> Dataset content:

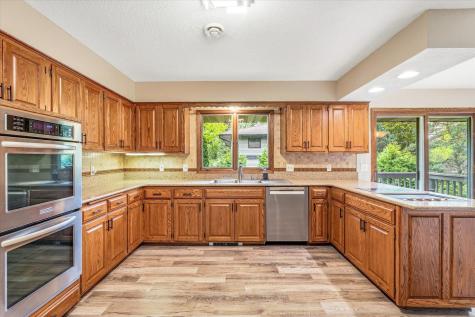 3380 Dunlap Street N Arden Hills MN 55112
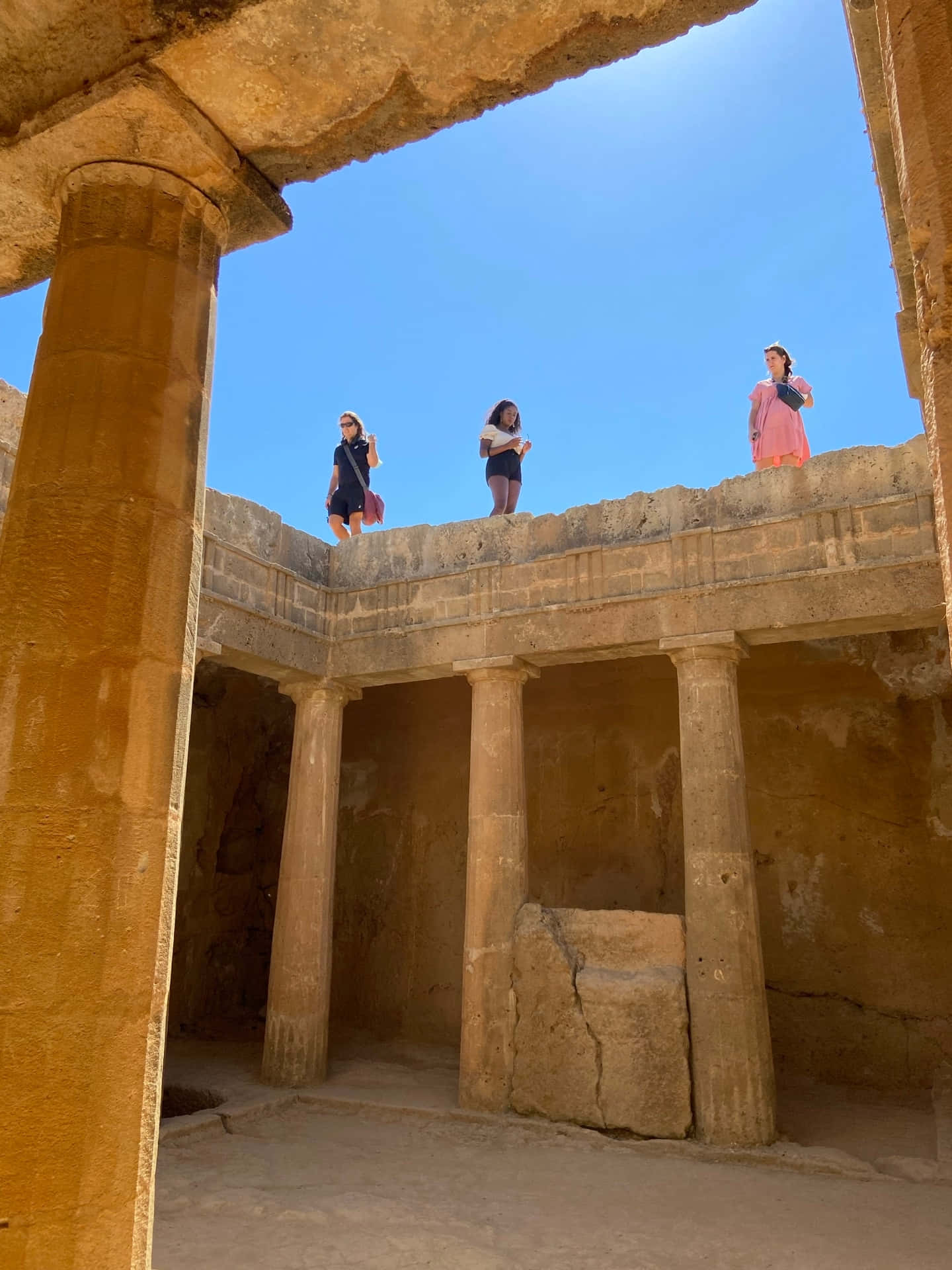 Visitors_at_ Ancient_ Tombs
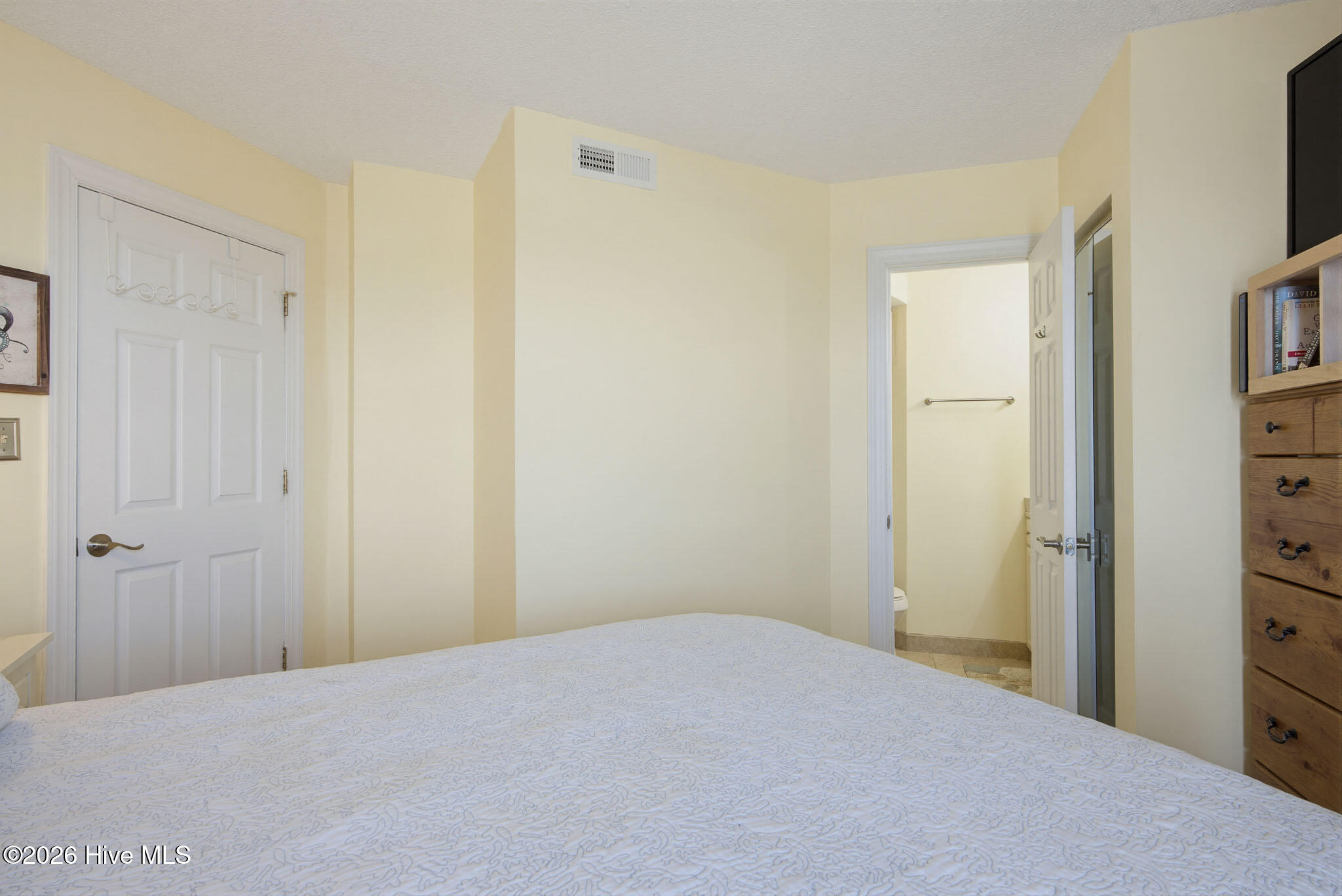 2000 New River Inlet Road, Unit 2514 North Topsail Beach, NC 28460 - Photo 19 of 57 2514 St. Regis - Interiors - MLS_2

> Your instructions:
Retype the listing above exactly, please. Pictures do not belong in the copy.

> Task output:
 3380 Dunlap Street N Arden Hills MN 55112
 Visitors_at_ Ancient_ Tombs
 2000 New River Inlet Road, Unit 2514 North Topsail Beach, NC 28460 - Photo 19 of 57 2514 St. Regis - Interiors - MLS_2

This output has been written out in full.